L’officier russe s’esclaffa :

— Nous n’avons pas besoin de syndicats en Union soviétique. Ici, tout appartient déjà aux ouvriers.

C’était l’explication standard du Parti, et les deux journalistes la reconnurent.

— Êtes-vous sous-marinier ? demanda l’Anglais.

— Non ! s’exclama le capitaine avec un gros rire. Je viens des steppes. J’aime le ciel bleu et les vastes horizons. J’ai beaucoup de respect pour mes camarades des sous-marins mais je n’ai aucun désir de les accompagner.

— Mon sentiment tout juste, capitaine, dit Calloway. Les vieux Brits comme moi aiment nos parcs et nos jardins. Quel genre de marin êtes-vous ?

— Je suis en mission à terre, actuellement, mais mon dernier bateau était le Leonid Brejnev, un brise-glace. Nous faisions un travail d’exploration et nous pratiquions aussi une route pour les navires marchands passant de la côte de l’Arctique au Pacifique.

— Ça devait être un travail très exigeant. Et dangereux.

Cause toujours, mon petit vieux...

— Il demande de la prudence, oui, mais nous, les Russes, nous sommes accoutumés au froid et à la glace. C’est une fière mission qu’aider à l’expansion économique de son pays.

Quatre heures plus tard, ils étaient à Moscou après un vol inconfortable dans un jet de l’Aeroflot. Les deux journalistes prirent la voiture de Flynn car celle de Calloway, de marque russe, était encore en panne.

— Un bon papier aujourd’hui, non ?

— Oui, mais j’aurais aimé pouvoir prendre une photo ou deux.

On leur avait promis des clichés Sovfoto de la « cérémonie du ciment ».

— Qu’est-ce que tu penses du chantier naval ?

— Assez grand. J’ai passé une journée à Norfolk, une fois. Je trouve qu’ils se ressemblent tous.

Calloway hocha la tête d’un air songeur. Oui, pensait-il, les chantiers navals se ressemblent tous mais pourquoi Polyarnyi lui paraissait-il bizarre ? Son esprit soupçonneux de journaliste ? Que cache-t-il ? C’était son troisième séjour à Moscou et les Soviétiques ne l’avaient jamais laissé voir une base navale. Il était déjà allé à Mourmansk. Une fois, il s’était entretenu avec le maire et lui avait demandé quelle influence avait le personnel naval sur l’administration de sa ville  – il y avait constamment des uniformes dans les rues. Le maire avait tenté d’éluder la question et avait finalement répondu : « Il n’y a pas de marine à Mourmansk. » Une réponse russe typique à une question embarrassante... Et à présent ils laissaient une douzaine de reporters occidentaux pénétrer dans une de leurs bases les plus sensibles. CQFD : ils ne cachaient rien. Vraiment ? Calloway se promit d’aller boire un cognac, une fois son papier rédigé, avec son ami de l’ambassade.

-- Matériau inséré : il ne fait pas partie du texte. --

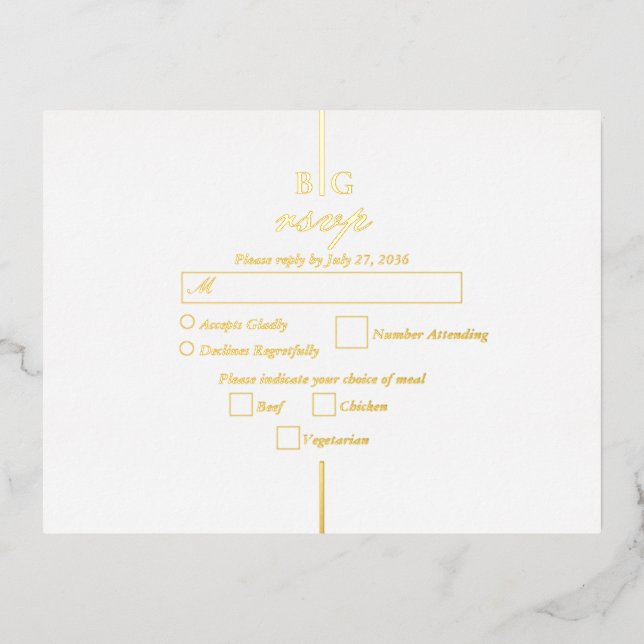 Real Gold Foil Monogram Wedding RSVP Foil Invitation Postcard (Front)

Il arriva à l’ambassade, sur le quai Morisa Toredza, sur la rive opposée au Kremlin, un peu après 9 heures du soir. Le cognac se multiplia par quatre. Au quatrième, le journaliste examinait un plan de la base navale et mettait à contribution sa mémoire bien exercée pour indiquer exactement quel genre d’activité il avait vu et où. Une heure plus tard, les renseignements étaient chiffrés et câblés à Londres.